For all the criticism of Daniel Levy’s indolence in the transfer market, which has led to tumbleweeds blowing through the white and navy blue half of North London, the lack of activity is also a confirmation from within the club of the strength of Mauricio Pochettino’s squad.
While reinforcements could have been made, and it’s telling that the one player they really pushed for was Jack Grealish who would have served as an alternative to Christian Eriksen or Dele Alli rather than a genuine first-teamer, there is faith the group of players already there can fulfil what’s required in 2018/19.
Unfortunately, barring a freak turn of events, that won’t involve a Premier League title challenge with Manchester City seemingly off into the sunset and Liverpool the only side capable of chasing them, as José Mourinho’s melancholy keeps Manchester United in the shadows as they compete for third and fourth with Chelsea, Tottenham and Arsenal.
But even if third-place and, maybe, a cup seems a slightly underwhelming ambition for a squad of this calibre, there is much to be excited about with what Pochettino has assembled and if Levy continues to quote suitors £200million for reported Real Madrid transfer target Eriksen, chances are it will stay together for a while yet.

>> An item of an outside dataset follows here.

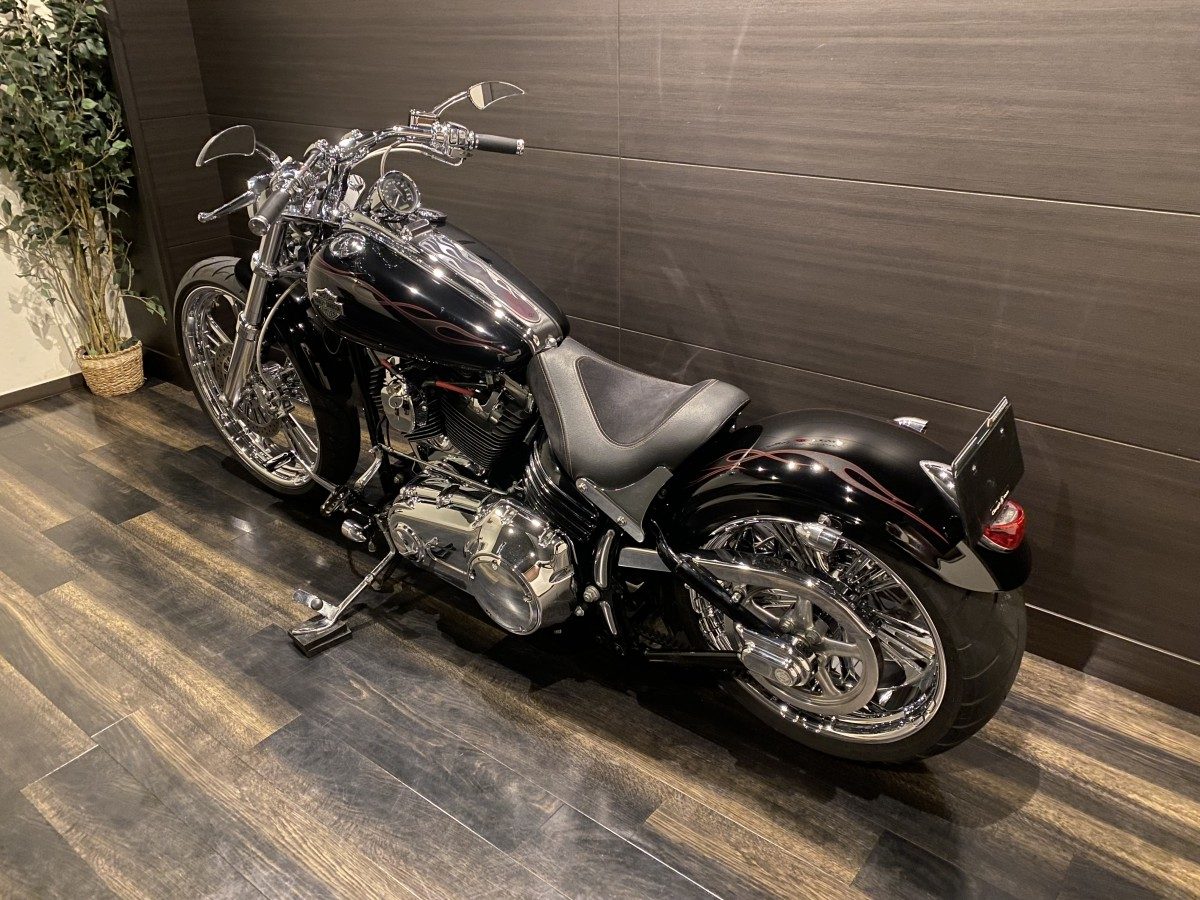 FXCWC 1580 ロッカーC ソフテイル TC96 インジェクション イメージ11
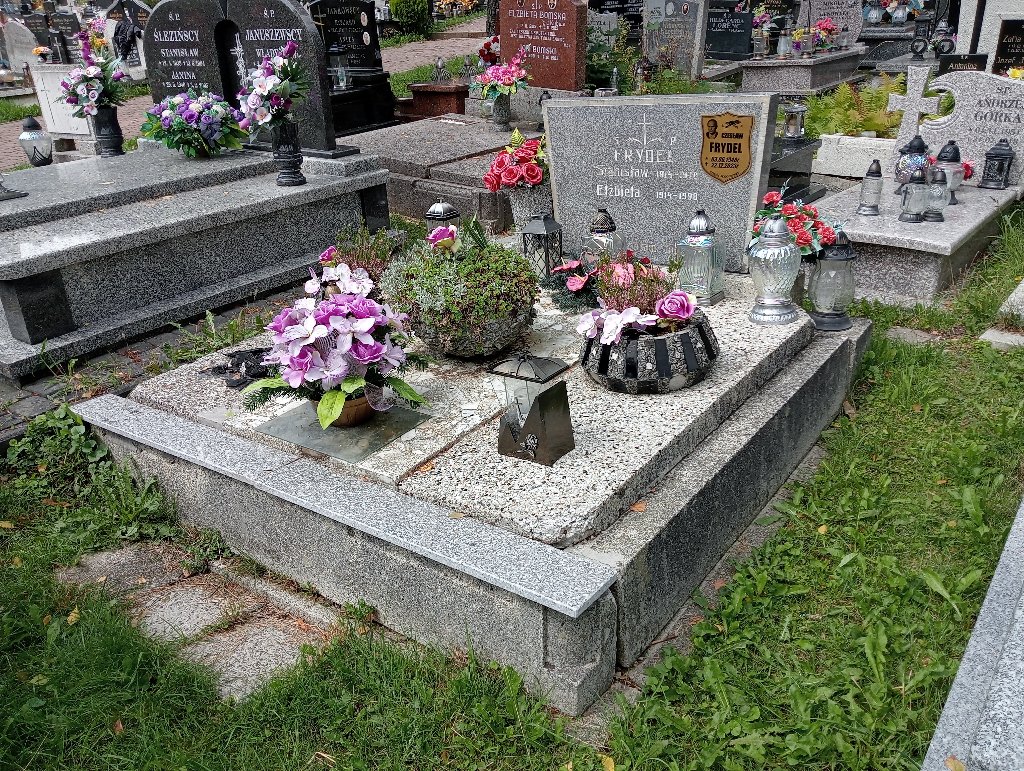 Grób Czesław Frydel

Davinson Sánchez may not be at the level of Eriksen, Harry Kane, Alli, Hugo Lloris or Jan Vertonghen yet, but the defender's progress in just 12 months has been eye-catching.
Sánchez's swift development
If Levy was reluctant this summer, many were quick to lambast his apparent recklessness in 2017 for sanctioning the £42million capture of a largely unknown 21-year-old centre-back who had just one season of European football behind him with Ajax.
The Colombia international’s impressive debut campaign helped Tottenham edge Liverpool into third place and convinced Levy that, with a spread of young, improving talent throughout the team, there is little incentive to spend.
Such has been Sánchez’s startling development in the heart of defence, either as part of a back four or alongside Vertonghen and Manchester United transfer target Toby Alderweireld in a back three, there is enough evidence to suggest the youngster can become one of the finest defenders in England.
With Sánchez settled in North London, Spurs can be grateful that their central defensive options seem more reliable than United and Chelsea, both of whom are yet to fully establish a concrete first-choice pairing.
With Vertonghen’s leadership, passing range and all-round authority coupled with the athleticism, pace and dynamism of Sánchez, Spurs have the ideal blend and two individuals playing at a consistently high level under the trust of their manager.
Sánchez’s enhanced role has seen him taking on more responsibility as a passer and now a growing threat from set-pieces as his header to Ventonghen led to Spurs opening the scoring at St James’ Park.
It may prove to be a temporary blip, but he recorded three scoring attempts in the game and three touches in the opposition box, compared with nine and 12 throughout the entire 2017/18 campaign.
Still room for improvement
At 22, Sánchez doesn’t have to worry about his pace disappearing, his strength should incrementally improve as his body ages and he has the height and physicality to remain a force in the air and in making tackles – which has become something of a trademark.
But there are still creases to his game that need to be ironed out and although Pochettino, Levy and Tottenham fans, in general, are right to feel content about the future with him at the heart of their defence, sooner or later the lapses in concentration and mistakes will have to end.
Just three minutes after flicking Eriksen’s corner into the path of Vertonghen, the Colombian was culpable for Joselu’s equaliser for Newcastle. Matt Ritchie’s cross for the hosts was excellent but the Spanish striker found himself in space between Sánchez and right-back Serge Aurier for a free header.
Blame could be laid with Vertonghen, who was dragged slightly to the near post area, but it’s Sánchez on Joselu’s shoulder throughout the build-up only to get drawn slightly towards the ball and then make a poor attempt at a leap once Ritchie’s cross is swung in.
Newcastle’s aerial game presented an uncomfortable afternoon as Sánchez won just two of six headed duels, compared with Joselu’s seven of nine.
One of the duels he lost was to Ayoze Pérez in the 51st minute but his failure to get a proper connection on the ball, coupled with Aurier’s dreadful forward pass, led to Joselu playing Kenedy through, only for the Brazilian’s touch to let him down.
In the 59th minute, Sánchez also failed to clear his lines in a goalmouth scramble and then was lackadaisical in reacting to the loose ball only for Pérez to be denied by Lloris at the near post.
There is an element if nit-picking but these are still errors of judgement and mistakes in key areas that led to goals or good goalscoring opportunities, which aren’t becoming of genuine top-class defensive players.
We saw another glaring example at the World Cup where he was caught in possession by Japan’s Yuya Osako whose run forward into open space then culminated in Carlos Sánchez’s sending off for handball.
But he’s 22, what should we expect? Mistakes will be made as further responsibility is bestowed on him in pressure situations.
However, it’s a reminder that for all his qualities, Sánchez, just like the Tottenham side around him, is far from the finished article. That, in itself, is an aspect of the club that is exciting and frustrating in equal measure.